= Task requirements =
In the material below, find the line with "Черный часы детские, наручные, электронные" and the line with "Cần bán xe Jeep A2 đời 1994 giá cạnh tranh-4". Output exactly those two lines and all lines between them, leaving out pictures.

= Dataset entries =
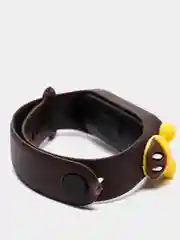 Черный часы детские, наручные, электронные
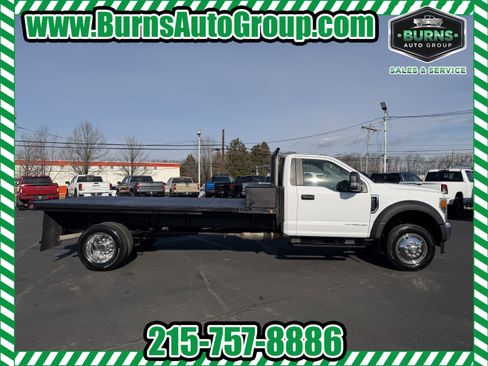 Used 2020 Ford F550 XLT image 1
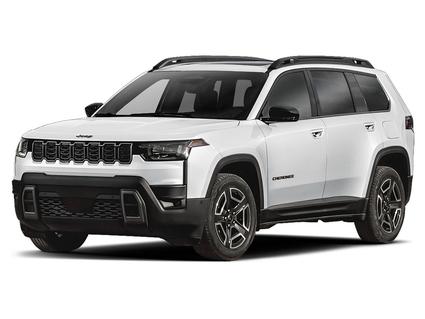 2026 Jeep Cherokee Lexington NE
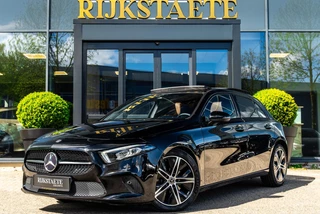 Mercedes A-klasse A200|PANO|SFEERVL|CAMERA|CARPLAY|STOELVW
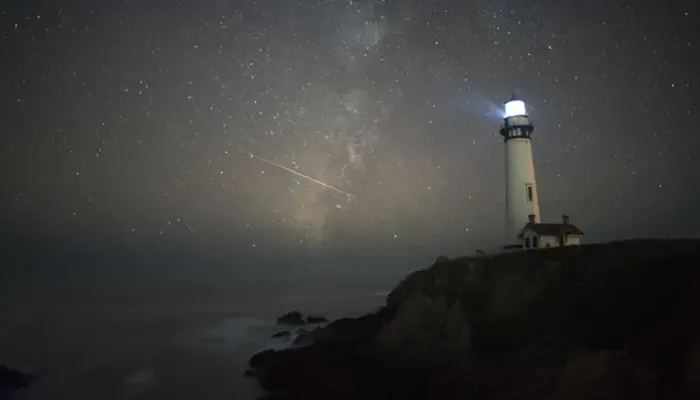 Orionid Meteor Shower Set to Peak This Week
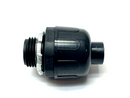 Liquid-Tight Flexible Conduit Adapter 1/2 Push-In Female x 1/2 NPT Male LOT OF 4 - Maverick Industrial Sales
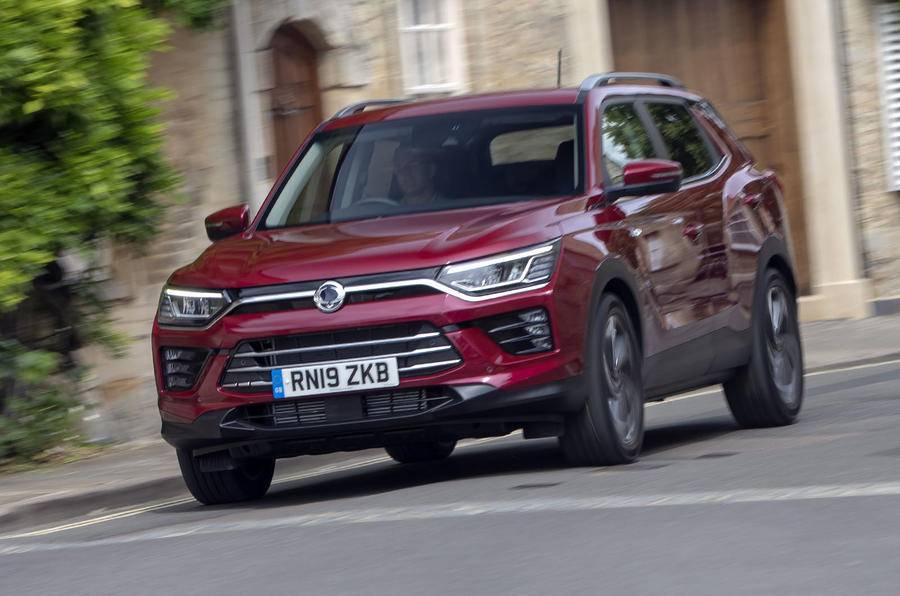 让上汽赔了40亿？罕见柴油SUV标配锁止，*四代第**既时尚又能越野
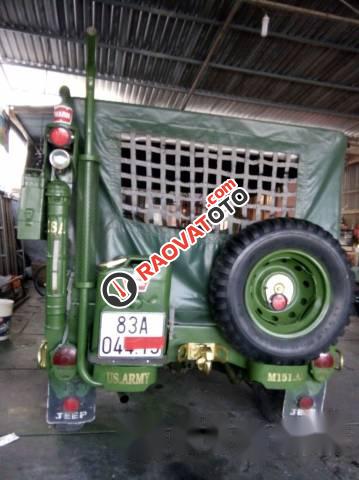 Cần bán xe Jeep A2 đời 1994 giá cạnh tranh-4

---

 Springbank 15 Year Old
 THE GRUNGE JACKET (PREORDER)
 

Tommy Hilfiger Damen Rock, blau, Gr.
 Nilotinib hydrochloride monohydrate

= Result of this exercise =
 Черный часы детские, наручные, электронные
 Used 2020 Ford F550 XLT image 1
 2026 Jeep Cherokee Lexington NE
 Mercedes A-klasse A200|PANO|SFEERVL|CAMERA|CARPLAY|STOELVW
 Orionid Meteor Shower Set to Peak This Week
 Liquid-Tight Flexible Conduit Adapter 1/2 Push-In Female x 1/2 NPT Male LOT OF 4 - Maverick Industrial Sales
 让上汽赔了40亿？罕见柴油SUV标配锁止，*四代第**既时尚又能越野
 Cần bán xe Jeep A2 đời 1994 giá cạnh tranh-4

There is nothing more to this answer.